● **WHAT THE EXERCISE ASKS**
Give back exactly the lines of the data below, starting with the line that has "Sonstige Fütterungstechnik des" and going on through the line that has "翡翠未镶嵌颈饰1111111111".

[[ EXERCISE DATA open ]]

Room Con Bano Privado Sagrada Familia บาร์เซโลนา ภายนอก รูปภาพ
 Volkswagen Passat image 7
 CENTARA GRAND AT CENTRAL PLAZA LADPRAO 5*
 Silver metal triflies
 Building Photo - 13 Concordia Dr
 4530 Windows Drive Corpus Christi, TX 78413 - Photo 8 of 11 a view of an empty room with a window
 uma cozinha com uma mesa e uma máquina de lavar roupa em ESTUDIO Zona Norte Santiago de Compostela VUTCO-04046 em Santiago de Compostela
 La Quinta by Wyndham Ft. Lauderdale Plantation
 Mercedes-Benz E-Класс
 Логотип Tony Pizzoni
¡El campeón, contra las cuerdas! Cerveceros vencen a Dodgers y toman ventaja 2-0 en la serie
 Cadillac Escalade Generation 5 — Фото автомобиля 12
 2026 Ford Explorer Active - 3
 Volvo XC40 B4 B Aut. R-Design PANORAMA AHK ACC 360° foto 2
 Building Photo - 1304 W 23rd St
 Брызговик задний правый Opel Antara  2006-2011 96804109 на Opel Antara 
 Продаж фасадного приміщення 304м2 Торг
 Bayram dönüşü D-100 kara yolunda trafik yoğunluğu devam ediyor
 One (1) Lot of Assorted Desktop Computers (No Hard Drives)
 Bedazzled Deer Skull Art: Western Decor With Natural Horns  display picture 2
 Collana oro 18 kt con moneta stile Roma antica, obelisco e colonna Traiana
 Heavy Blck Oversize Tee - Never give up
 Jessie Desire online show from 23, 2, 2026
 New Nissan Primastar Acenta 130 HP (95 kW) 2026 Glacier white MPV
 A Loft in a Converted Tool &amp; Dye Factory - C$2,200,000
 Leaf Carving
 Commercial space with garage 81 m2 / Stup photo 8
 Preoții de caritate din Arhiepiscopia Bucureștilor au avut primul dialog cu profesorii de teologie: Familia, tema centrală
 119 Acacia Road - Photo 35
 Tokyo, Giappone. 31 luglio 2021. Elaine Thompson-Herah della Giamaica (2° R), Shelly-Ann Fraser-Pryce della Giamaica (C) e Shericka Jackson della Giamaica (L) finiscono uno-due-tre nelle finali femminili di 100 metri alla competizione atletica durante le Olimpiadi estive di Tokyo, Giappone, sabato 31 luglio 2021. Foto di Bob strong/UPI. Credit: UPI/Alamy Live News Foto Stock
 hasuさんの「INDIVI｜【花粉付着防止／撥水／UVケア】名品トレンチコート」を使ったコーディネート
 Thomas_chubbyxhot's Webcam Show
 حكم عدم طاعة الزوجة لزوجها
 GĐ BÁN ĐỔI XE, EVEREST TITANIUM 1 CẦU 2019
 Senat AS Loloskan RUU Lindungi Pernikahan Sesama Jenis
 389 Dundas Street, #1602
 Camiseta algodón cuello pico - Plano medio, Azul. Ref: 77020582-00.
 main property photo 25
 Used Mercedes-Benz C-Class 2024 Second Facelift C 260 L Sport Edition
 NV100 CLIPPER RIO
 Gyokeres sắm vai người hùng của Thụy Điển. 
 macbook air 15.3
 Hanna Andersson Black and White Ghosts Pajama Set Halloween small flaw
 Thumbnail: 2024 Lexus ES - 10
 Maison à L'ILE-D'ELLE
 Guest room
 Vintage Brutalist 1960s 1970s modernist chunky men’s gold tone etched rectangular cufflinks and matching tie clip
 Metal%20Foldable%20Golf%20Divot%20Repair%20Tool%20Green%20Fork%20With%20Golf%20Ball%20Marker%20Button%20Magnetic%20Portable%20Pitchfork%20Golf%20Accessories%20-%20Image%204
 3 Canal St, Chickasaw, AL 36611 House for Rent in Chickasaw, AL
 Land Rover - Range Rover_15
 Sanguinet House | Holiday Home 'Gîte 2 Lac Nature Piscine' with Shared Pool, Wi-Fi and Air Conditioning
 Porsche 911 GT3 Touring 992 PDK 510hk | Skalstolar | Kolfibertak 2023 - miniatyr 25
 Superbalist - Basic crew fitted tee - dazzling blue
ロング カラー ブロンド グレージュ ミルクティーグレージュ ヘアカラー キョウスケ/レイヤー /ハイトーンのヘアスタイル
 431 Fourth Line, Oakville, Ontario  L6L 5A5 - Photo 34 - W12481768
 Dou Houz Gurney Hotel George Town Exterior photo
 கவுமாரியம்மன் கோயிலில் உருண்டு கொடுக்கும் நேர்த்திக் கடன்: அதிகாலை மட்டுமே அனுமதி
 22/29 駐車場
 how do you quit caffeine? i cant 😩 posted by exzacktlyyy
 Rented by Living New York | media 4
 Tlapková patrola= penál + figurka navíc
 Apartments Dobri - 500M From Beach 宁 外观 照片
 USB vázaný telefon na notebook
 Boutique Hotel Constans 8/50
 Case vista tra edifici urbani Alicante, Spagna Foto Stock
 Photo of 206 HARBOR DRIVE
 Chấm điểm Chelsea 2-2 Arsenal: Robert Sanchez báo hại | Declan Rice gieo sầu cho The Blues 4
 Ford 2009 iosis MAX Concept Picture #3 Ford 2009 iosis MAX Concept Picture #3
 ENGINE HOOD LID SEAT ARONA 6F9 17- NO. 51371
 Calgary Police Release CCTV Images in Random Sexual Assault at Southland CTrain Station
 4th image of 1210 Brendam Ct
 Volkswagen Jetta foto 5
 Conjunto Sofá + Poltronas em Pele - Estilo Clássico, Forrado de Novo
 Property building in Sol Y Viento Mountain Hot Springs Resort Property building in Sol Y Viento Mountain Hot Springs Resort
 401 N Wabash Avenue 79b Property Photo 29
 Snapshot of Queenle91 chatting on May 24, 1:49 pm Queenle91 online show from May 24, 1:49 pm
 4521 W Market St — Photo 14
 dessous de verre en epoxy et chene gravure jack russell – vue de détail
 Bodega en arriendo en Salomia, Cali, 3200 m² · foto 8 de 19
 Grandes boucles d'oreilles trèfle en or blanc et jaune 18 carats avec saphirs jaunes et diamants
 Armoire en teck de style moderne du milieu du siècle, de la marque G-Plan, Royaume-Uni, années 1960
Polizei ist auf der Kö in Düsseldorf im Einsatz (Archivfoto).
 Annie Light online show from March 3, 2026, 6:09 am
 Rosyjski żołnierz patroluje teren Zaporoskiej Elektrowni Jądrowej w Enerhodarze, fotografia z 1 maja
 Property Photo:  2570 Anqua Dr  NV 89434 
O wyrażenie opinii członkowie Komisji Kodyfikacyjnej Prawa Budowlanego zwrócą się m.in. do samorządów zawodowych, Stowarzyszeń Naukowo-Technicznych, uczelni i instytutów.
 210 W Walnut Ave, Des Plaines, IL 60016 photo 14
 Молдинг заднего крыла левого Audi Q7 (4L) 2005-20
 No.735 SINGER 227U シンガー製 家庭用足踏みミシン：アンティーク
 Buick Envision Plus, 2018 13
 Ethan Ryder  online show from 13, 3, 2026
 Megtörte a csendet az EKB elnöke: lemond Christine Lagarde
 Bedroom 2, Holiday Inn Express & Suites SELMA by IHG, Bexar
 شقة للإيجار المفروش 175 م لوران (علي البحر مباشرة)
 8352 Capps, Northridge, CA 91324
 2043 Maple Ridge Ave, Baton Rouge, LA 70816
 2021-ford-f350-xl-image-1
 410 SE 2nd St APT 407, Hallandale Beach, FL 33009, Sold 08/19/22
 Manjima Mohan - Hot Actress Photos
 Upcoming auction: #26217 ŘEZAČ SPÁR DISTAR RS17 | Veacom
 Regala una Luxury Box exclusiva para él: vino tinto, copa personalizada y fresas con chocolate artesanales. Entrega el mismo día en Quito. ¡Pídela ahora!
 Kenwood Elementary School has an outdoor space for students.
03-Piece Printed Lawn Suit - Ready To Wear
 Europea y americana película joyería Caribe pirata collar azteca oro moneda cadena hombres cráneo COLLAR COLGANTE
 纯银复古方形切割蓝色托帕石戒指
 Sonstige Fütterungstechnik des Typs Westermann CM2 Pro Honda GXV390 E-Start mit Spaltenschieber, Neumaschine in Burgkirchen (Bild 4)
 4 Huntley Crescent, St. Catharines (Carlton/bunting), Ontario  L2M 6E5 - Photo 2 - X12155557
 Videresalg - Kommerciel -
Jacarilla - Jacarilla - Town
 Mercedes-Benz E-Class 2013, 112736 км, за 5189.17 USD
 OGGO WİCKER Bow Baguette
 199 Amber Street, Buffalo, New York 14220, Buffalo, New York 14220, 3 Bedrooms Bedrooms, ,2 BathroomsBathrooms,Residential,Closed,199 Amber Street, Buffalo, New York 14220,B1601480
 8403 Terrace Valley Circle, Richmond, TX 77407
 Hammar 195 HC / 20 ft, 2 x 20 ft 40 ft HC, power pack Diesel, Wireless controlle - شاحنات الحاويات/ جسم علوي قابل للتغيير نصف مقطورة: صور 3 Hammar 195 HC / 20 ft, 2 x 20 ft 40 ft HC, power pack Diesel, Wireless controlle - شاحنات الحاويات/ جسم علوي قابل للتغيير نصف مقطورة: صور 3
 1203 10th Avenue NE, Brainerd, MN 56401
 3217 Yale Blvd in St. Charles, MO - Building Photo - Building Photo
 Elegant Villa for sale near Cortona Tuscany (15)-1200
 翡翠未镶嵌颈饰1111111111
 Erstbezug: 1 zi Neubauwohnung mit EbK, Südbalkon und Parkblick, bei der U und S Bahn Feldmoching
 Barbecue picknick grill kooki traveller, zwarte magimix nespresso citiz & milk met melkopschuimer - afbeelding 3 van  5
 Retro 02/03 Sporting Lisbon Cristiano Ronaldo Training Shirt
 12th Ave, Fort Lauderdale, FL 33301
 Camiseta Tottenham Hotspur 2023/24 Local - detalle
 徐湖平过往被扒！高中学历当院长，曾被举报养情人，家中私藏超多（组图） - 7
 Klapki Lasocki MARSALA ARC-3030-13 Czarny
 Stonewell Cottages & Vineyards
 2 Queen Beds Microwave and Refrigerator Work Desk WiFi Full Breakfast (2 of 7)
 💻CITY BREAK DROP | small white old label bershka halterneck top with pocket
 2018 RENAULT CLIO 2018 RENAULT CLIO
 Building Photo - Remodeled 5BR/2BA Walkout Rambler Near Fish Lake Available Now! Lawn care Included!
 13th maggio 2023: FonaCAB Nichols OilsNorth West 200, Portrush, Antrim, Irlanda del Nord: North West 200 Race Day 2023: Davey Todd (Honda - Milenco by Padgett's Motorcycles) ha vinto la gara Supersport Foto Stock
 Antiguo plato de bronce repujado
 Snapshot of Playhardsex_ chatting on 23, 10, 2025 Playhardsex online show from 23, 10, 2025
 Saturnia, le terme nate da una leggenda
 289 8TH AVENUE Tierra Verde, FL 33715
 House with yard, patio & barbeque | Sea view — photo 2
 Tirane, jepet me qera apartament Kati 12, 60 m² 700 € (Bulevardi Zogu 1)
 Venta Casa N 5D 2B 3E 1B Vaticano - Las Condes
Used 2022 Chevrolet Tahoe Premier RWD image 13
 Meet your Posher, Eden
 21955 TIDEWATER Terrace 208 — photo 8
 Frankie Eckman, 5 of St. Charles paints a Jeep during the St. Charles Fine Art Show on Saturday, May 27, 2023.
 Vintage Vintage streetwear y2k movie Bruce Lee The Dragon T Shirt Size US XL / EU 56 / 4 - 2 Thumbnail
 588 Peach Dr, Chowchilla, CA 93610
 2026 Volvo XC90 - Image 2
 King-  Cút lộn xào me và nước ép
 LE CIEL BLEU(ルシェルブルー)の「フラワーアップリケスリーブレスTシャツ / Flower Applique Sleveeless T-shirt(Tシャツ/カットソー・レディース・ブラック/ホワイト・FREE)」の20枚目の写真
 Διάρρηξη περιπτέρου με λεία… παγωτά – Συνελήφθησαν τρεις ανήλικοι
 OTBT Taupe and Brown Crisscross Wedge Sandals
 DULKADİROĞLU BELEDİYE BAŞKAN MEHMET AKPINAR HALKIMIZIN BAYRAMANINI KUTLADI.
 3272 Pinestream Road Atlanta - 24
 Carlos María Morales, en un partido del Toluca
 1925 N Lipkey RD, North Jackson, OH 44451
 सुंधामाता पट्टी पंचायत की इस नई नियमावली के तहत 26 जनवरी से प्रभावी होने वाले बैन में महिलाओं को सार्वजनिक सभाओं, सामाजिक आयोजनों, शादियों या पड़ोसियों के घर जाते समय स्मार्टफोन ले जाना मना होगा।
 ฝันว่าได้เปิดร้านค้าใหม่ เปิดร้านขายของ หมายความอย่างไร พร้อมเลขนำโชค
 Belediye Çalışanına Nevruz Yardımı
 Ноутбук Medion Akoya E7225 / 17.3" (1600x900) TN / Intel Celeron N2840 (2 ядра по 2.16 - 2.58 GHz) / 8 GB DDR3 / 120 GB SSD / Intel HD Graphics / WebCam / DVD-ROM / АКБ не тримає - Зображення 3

[[ EXERCISE DATA closed ]]

● **RESULT FOR THIS TASK**
 Sonstige Fütterungstechnik des Typs Westermann CM2 Pro Honda GXV390 E-Start mit Spaltenschieber, Neumaschine in Burgkirchen (Bild 4)
 4 Huntley Crescent, St. Catharines (Carlton/bunting), Ontario  L2M 6E5 - Photo 2 - X12155557
 Videresalg - Kommerciel -
Jacarilla - Jacarilla - Town
 Mercedes-Benz E-Class 2013, 112736 км, за 5189.17 USD
 OGGO WİCKER Bow Baguette
 199 Amber Street, Buffalo, New York 14220, Buffalo, New York 14220, 3 Bedrooms Bedrooms, ,2 BathroomsBathrooms,Residential,Closed,199 Amber Street, Buffalo, New York 14220,B1601480
 8403 Terrace Valley Circle, Richmond, TX 77407
 Hammar 195 HC / 20 ft, 2 x 20 ft 40 ft HC, power pack Diesel, Wireless controlle - شاحنات الحاويات/ جسم علوي قابل للتغيير نصف مقطورة: صور 3 Hammar 195 HC / 20 ft, 2 x 20 ft 40 ft HC, power pack Diesel, Wireless controlle - شاحنات الحاويات/ جسم علوي قابل للتغيير نصف مقطورة: صور 3
 1203 10th Avenue NE, Brainerd, MN 56401
 3217 Yale Blvd in St. Charles, MO - Building Photo - Building Photo
 Elegant Villa for sale near Cortona Tuscany (15)-1200
 翡翠未镶嵌颈饰1111111111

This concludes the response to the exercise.